[Task statement]
Though the entries contain pictures, the copy you make should hold only the rest, exactly as written.
┏━━
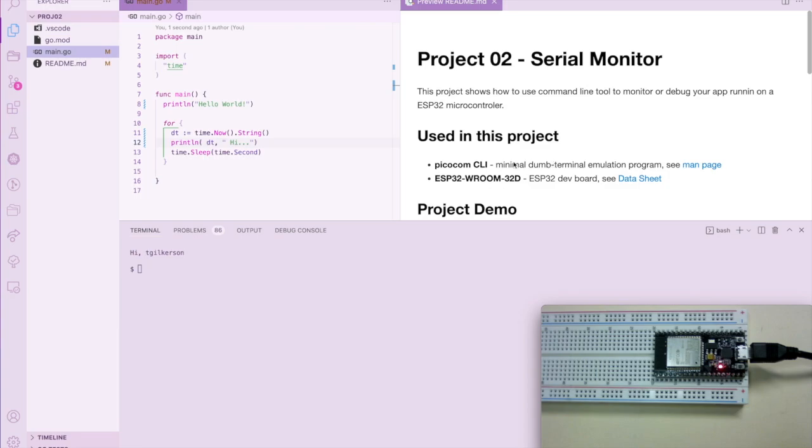My ESP32 board I'm using is the WROOM-32D. That's what you see shown below in the bottom right. If you notice, there's no wiring. We're just going to load a program onto it and watch the data on the serial port.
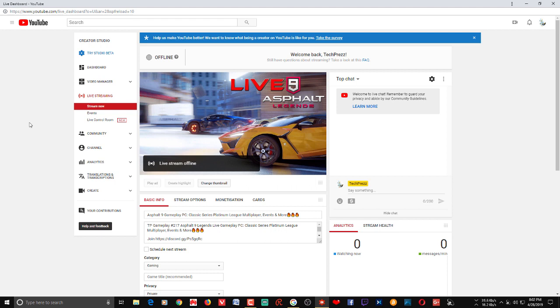That's no longer the case with the YouTube Live Control Room. From now on I only use the Live Control Room because I have internet issues more often than not.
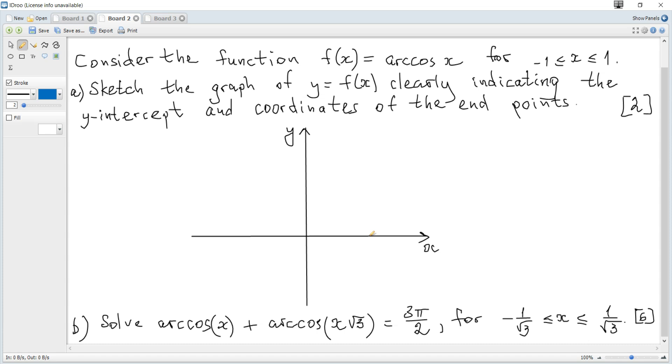Consider the function f(x) = arccos(x). Question 8 asks for the graph of y = f(x). How do we plot a graph of arccos? Arccos is the inverse function of cosine.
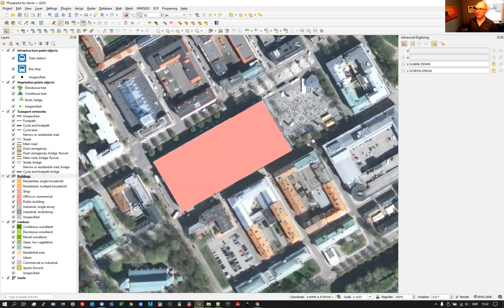Simple enough for the advanced digitizing tool for creating a square building. I think we'll end that video there just so it doesn't get too long, and then start the next in a minute.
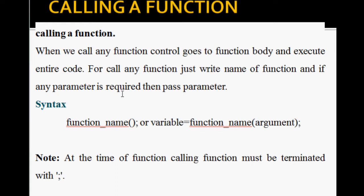When we call any function, control goes to the function body and executes the entire code. To call any function, just write the name of the function, and if any parameter is required, then pass the parameter. We will do function calling — write the function name, open parenthesis, pass parameters, close parenthesis, and add a semicolon to terminate the function call.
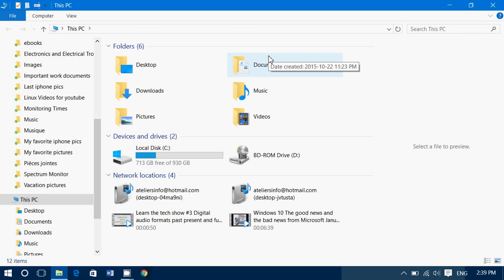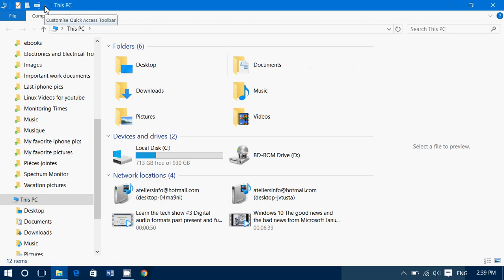The ribbon has a lot of very interesting features that you might want to have. To get the ribbon, you simply need to go in the upper left and look, there's a very small arrow.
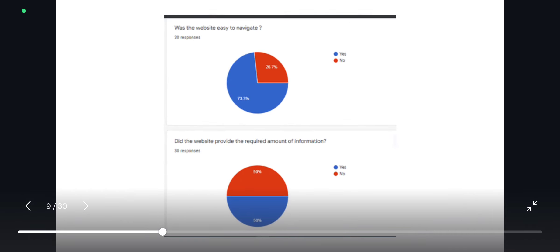These were the questions that were part of the questionnaire, and the responses that we got were very crucial in determining what we had to change and what we had to completely replace in order to make the existing website a better design.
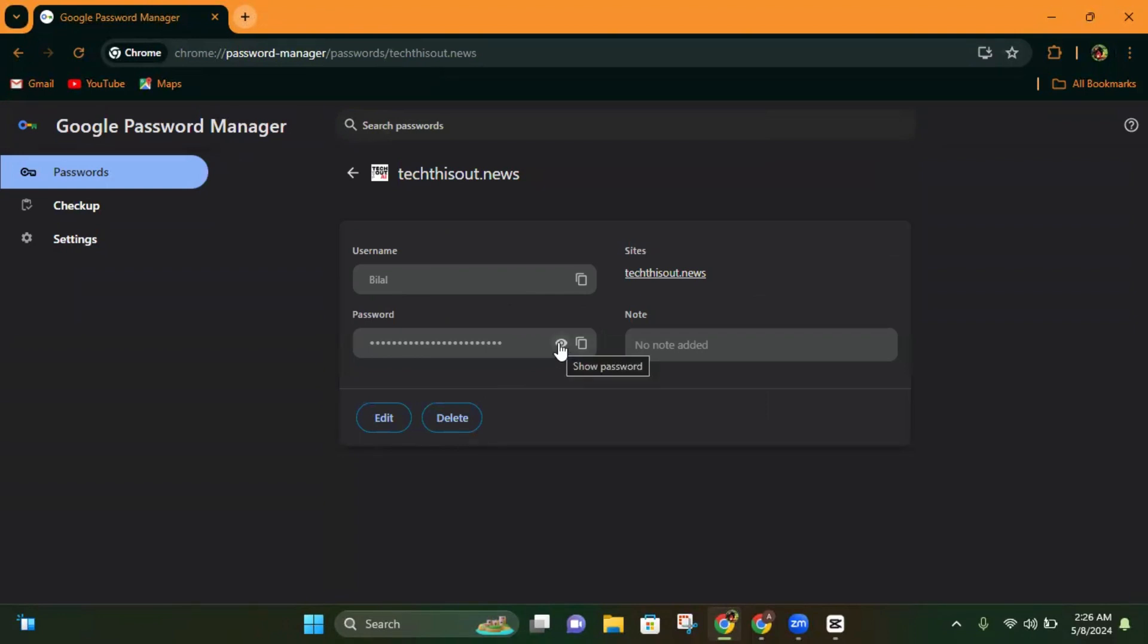So if I click on show password, it will automatically show my password here. That's how you can view your saved passwords on your Google account. Hope this helps. Please like the video and subscribe to the channel. Thanks for watching!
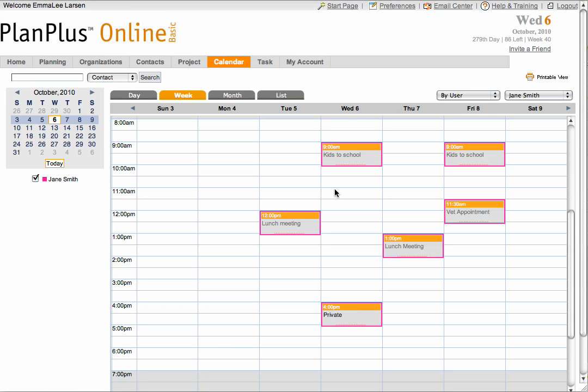Creating an appointment in this view will automatically add both the user and yourself as attendees on the appointment.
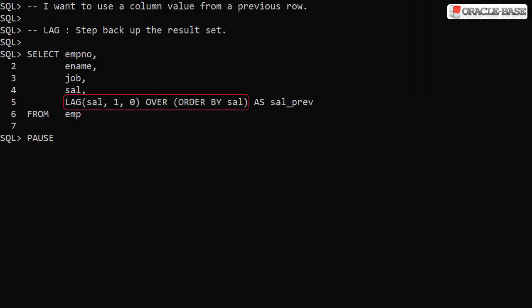The lag analytic function allows us to access column values from previous rows in the result set. In this example we asked for the value of the Sal column with an offset of 1, which means the previous row in the result set. If there's no previous row we'll display 0 as the default value.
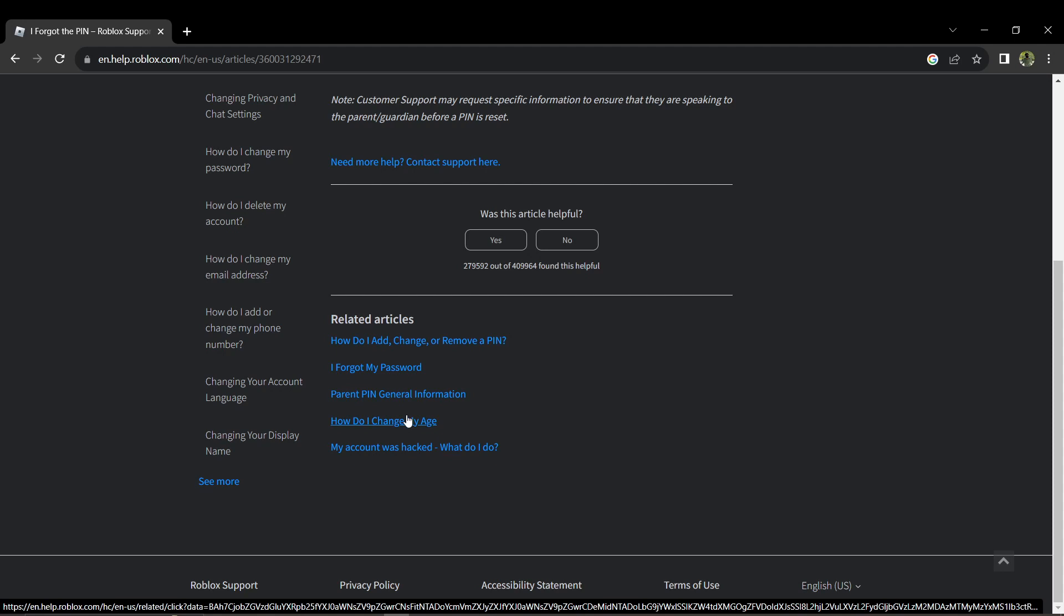Be prepared for Roblox support to possibly ask for more details or identification to verify that you are the rightful owner of the account. Follow their instructions and provide the necessary information and details.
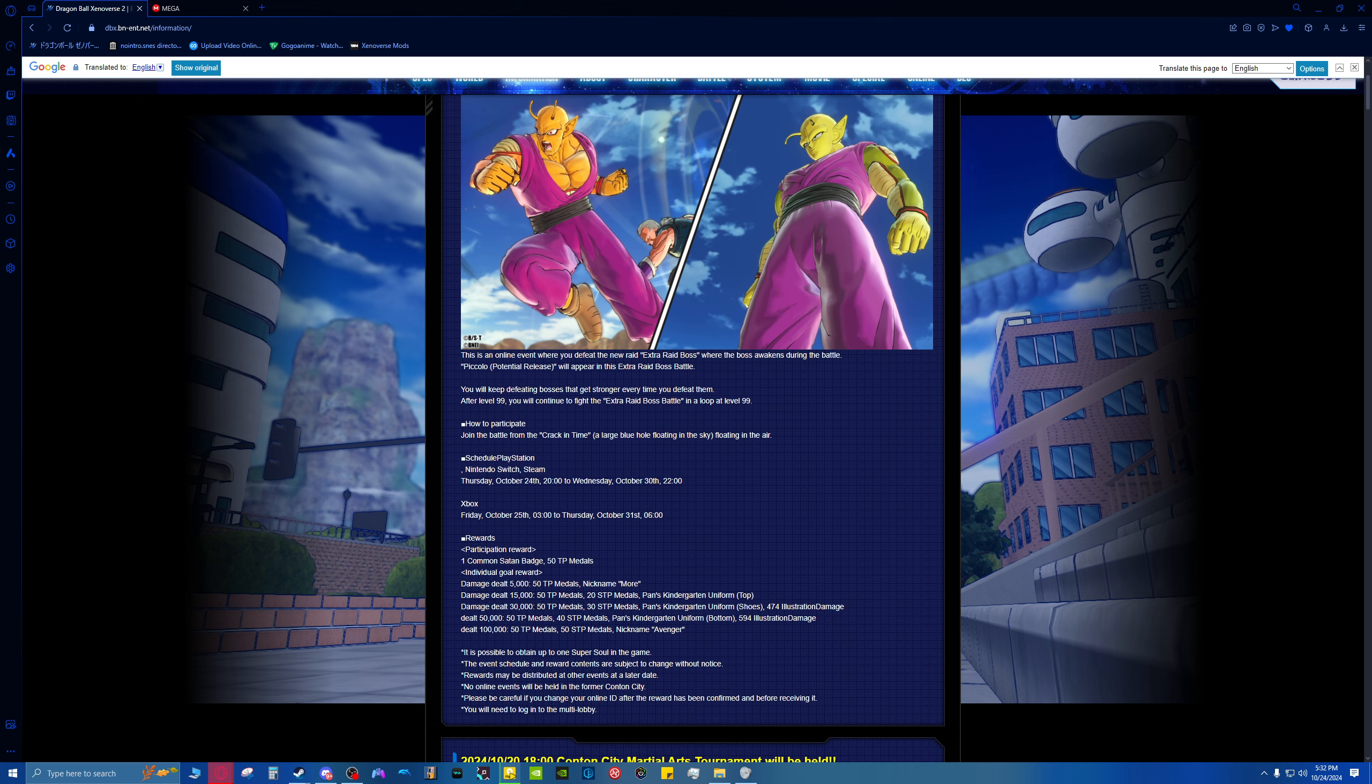Anywho, one last thing I want to go over really quick is, for those of you who have been keeping up with all of my Sparking Zero Master Save, I've recently updated that.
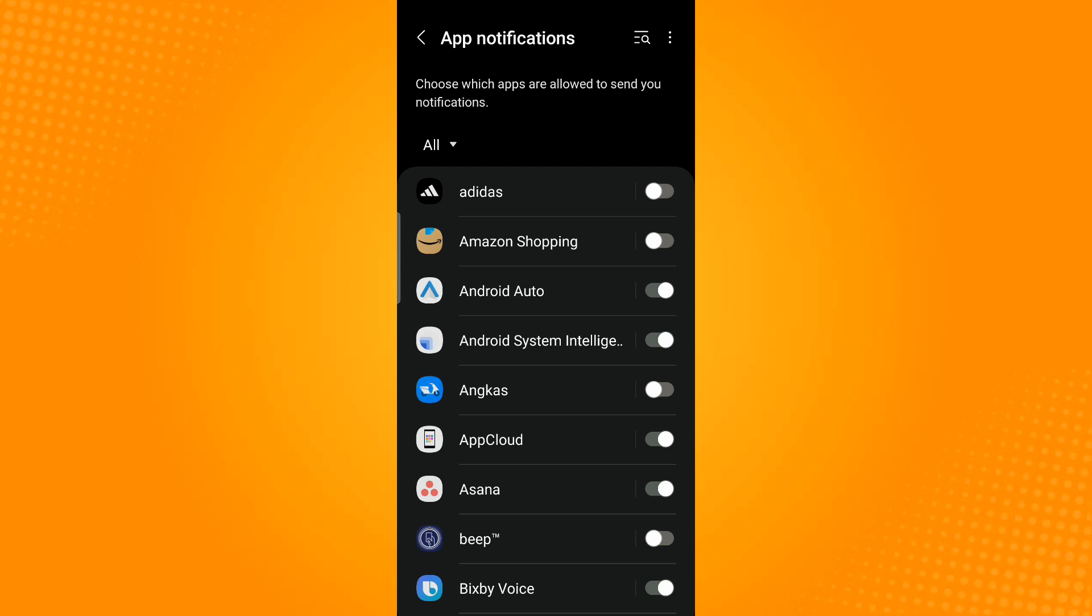With that, I will be receiving notifications from this app. Or you can also use the search icon found on the top right corner to search for the app that you're looking for.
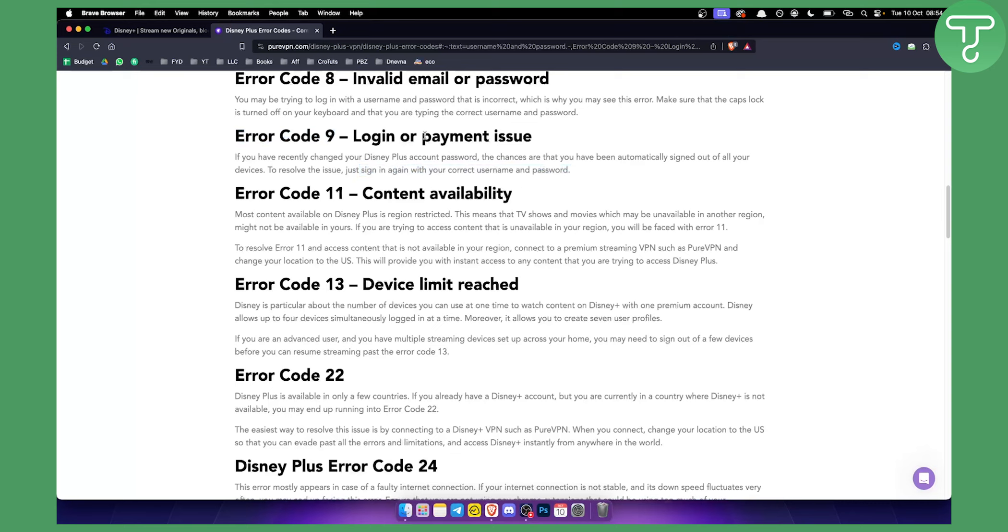If it's a payment issue, then you will need to contact support directly or change your payment method. Usually if you're using a wrong credit card or debit card, this will cause the issue and you will get Error Code 9.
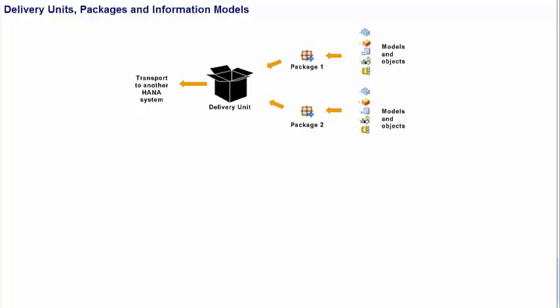Hello, in this topic we're going to take a look at what delivery units are and how to create them. In the next following topics in this section we'll talk about how to import and export models using delivery units.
┗━━
[Expected answer]
My ESP32 board I'm using is the WROOM-32D. That's what you see shown below in the bottom right. If you notice, there's no wiring. We're just going to load a program onto it and watch the data on the serial port.
That's no longer the case with the YouTube Live Control Room. From now on I only use the Live Control Room because I have internet issues more often than not.
Consider the function f(x) = arccos(x). Question 8 asks for the graph of y = f(x). How do we plot a graph of arccos? Arccos is the inverse function of cosine.
Simple enough for the advanced digitizing tool for creating a square building. I think we'll end that video there just so it doesn't get too long, and then start the next in a minute.
When we call any function, control goes to the function body and executes the entire code. To call any function, just write the name of the function, and if any parameter is required, then pass the parameter. We will do function calling — write the function name, open parenthesis, pass parameters, close parenthesis, and add a semicolon to terminate the function call.
The ribbon has a lot of very interesting features that you might want to have. To get the ribbon, you simply need to go in the upper left and look, there's a very small arrow.
These were the questions that were part of the questionnaire, and the responses that we got were very crucial in determining what we had to change and what we had to completely replace in order to make the existing website a better design.
So if I click on show password, it will automatically show my password here. That's how you can view your saved passwords on your Google account. Hope this helps. Please like the video and subscribe to the channel. Thanks for watching!
Creating an appointment in this view will automatically add both the user and yourself as attendees on the appointment.
The lag analytic function allows us to access column values from previous rows in the result set. In this example we asked for the value of the Sal column with an offset of 1, which means the previous row in the result set. If there's no previous row we'll display 0 as the default value.
Be prepared for Roblox support to possibly ask for more details or identification to verify that you are the rightful owner of the account. Follow their instructions and provide the necessary information and details.
Anywho, one last thing I want to go over really quick is, for those of you who have been keeping up with all of my Sparking Zero Master Save, I've recently updated that.
With that, I will be receiving notifications from this app. Or you can also use the search icon found on the top right corner to search for the app that you're looking for.
If it's a payment issue, then you will need to contact support directly or change your payment method. Usually if you're using a wrong credit card or debit card, this will cause the issue and you will get Error Code 9.
Hello, in this topic we're going to take a look at what delivery units are and how to create them. In the next following topics in this section we'll talk about how to import and export models using delivery units.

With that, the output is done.